Sunday, August 9

"Size 12 Is Not Fat" - Meg Cabot


BLURB:
"HEATHER WELLS ROCKS!
Or, at least, she did. That was before she left the pop-idol life behind after she gained a dress size or two—and lost a boyfriend, a recording contract, and her life savings (when Mom took the money and ran off to Argentina). Now that the glamour and glory days of endless mall appearances are in the past, Heather's perfectly happy with her new size 12 shape (the average for the American woman!) and her new job as an assistant dorm director at one of New York's top colleges. That is, until the dead body of a female student from Heather's residence hall is discovered at the bottom of an elevator shaft. The cops and the college president are ready to chalk the death off as an accident, the result of reckless youthful mischief. But Heather knows teenage girls . . . and girls do not elevator surf. Yet no one wants to listen—not the police, her colleagues, or the P.I. who owns the brownstone where she lives—even when more students start turning up dead in equally ordinary and subtly sinister ways. So Heather makes the decision to take on yet another new career: as spunky girl detective! But her new job comes with few benefits, no cheering crowds, and lots of liabilities, some of them potentially fatal. And nothing ticks off a killer more than a portly ex-pop star who's sticking her nose where it doesn't belong . . . "


REVIEW:
After being a dedicated Meg Cabot fan through my teens, and then being less-than-impressed by her short story in Prom Nights from Hell, I decided this adult chick-lit offering was her last chance to win me back. Her last chance to impress.
Well, I didn't completely hate it - but I definitely didn't love it. In fact, 'Size 12 Is Not Fat' ended up being annoying more than anything else.
The protagonist, Heather, really started to grate after a few chapters. Despite the book's implication that she is, in fact, smarter than she thinks, I didn't buy it. I mean, she's ditzy. She's completely obsessed about her size. She makes an enormous deal about minor occurences ("she looks like a showerer, not a bather". Who gives a damn, honestly?). She's just...ugh. Rather than warming to the stereotypical chick-lit-heroine-with-whom-women-can-identify, I found her incredibly frustrating and just wanted to slap her by the end of the book.
What is it with the size obsession, anyway? I realise the title of the book is a slight giveaway as to what the contents will feature, but I found it unbelievably annoying to be reading about sizing throughout the book. Why does Heather constantly obsess about being size twelve? If she's obsessing about body image, why isn't she obsessing about the fact that she perceives herself to be fat? Why is it all about the numbers? And the constant bleating about "size twelve is the size of the average American woman" definitely started wearing thin (HA! PUN!) after it was repeated the first fifty or so times. OK, Ms Cabot, we get it. You're trying to write a book that deals with body image concerns. But don't you think you overdid it just a bit? And don't you think the end message - girls who aren't stick thin can still prevail - was more than a little trite?
The only thing keeping me reading was the crime/mystery plot, which, once it got going, chugged along quite nicely underneath the thick veneer of shallow chick-lit slathered copiously over the top. Once a mystery makes itself known to me, I feel compelled to find out who did it. It did provide some interesting scenes for our size twelve amateur investigator to get caught up in, and while the end result (and the motive for the crime) proved to be completely ludicrous, I didn't feel entirely cheated. I mean, after all, it is chick lit.
Needless to say, the book did not make me laugh once. Not that I was expecting as much. I don't think I'll be reading Cabot again.
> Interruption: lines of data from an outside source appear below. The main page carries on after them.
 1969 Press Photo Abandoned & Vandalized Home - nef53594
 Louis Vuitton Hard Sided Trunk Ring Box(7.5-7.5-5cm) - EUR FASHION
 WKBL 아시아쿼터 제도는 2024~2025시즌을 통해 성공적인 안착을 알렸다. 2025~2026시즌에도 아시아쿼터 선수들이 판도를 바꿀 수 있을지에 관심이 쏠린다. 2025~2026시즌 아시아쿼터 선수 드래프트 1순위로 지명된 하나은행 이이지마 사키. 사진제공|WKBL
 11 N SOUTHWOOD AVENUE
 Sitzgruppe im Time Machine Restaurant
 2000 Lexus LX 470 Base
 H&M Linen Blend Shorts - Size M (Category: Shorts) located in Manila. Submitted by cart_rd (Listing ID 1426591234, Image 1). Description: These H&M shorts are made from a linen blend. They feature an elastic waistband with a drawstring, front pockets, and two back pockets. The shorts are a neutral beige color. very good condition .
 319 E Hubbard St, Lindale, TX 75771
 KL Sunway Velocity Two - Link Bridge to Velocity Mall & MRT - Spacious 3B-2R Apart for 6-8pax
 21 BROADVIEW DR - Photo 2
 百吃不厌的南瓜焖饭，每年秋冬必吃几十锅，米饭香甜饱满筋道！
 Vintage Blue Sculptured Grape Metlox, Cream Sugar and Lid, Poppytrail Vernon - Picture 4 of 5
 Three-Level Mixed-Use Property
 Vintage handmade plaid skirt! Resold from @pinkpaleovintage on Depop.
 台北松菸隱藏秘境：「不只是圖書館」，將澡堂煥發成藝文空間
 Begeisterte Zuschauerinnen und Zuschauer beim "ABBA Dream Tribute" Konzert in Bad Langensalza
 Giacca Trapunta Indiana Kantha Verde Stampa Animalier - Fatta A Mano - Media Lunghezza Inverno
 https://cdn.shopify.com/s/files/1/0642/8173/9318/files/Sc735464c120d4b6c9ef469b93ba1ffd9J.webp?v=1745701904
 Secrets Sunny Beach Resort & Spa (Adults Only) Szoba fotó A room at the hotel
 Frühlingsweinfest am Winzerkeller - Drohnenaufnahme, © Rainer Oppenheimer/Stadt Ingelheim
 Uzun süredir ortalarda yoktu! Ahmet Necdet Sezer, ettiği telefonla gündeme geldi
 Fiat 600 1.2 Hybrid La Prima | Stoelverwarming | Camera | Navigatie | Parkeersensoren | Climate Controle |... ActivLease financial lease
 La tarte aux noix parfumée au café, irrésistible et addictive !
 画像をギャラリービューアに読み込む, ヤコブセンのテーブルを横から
RATING: The crime/mystery plot was good. Everything else was not. 3 STARS

Tuesday, August 4

"The Cat Who Had 60 Whiskers" - Lilian Jackson Braun



BLURB:

"Times are changing in Pickax: a new senior centre is in the works and a production of CATS is set to delight Moose County residents; Polly Duncan is off to Paris, leaving Qwill without a companion for his apple barn concerts; and The Librarians Who Lunch are showing their Art Hats to help unite Pickax with their Lockmaster County neighbours.
Not to mention the conversion of the late Nathan Ledfield's mansion into a charitable museum! With Mr Ledfield's treasures being sold off to benefit needy children, the town is abuzz with excitement - that is, until a mysterious death from a bee sting leaves everyone but Cool Koko in a state of confusion.
Is it because Koko has sixty whiskers as Qwill suspects, or because Koko knows that the mysterious death was no accident?"

REVIEW:

I picked this up at random from the library, and I must admit, I just couldn't get into this one. Perhaps it's time I read and reviewed a book I didn't enjoy - there's a lot of 4 star and 5 star ratings here. While I enjoyed the descriptions of the two cats in the book, the rest of the novel (it's more of a novella than a novel, though) seemed rather dull. Constant descriptions of a cast of characters I was completely unfamiliar with, and descriptions of the places they lived, was a bit tedious for a first-time reader of this series. To me, the writing style wasn't quite engaging enough to properly complement the "quirky and cute" elements in the story. In fact, by chapter six, it was still downright boring, so I gave it a quick flick though, searching for the mystery it promised - but nothing grabbed me. Nothing intrigued me. I almost stuck with it for the sake of reading about the antics of Koko and Yum Yum (they're two Siamese cats), but unfortunately...nope.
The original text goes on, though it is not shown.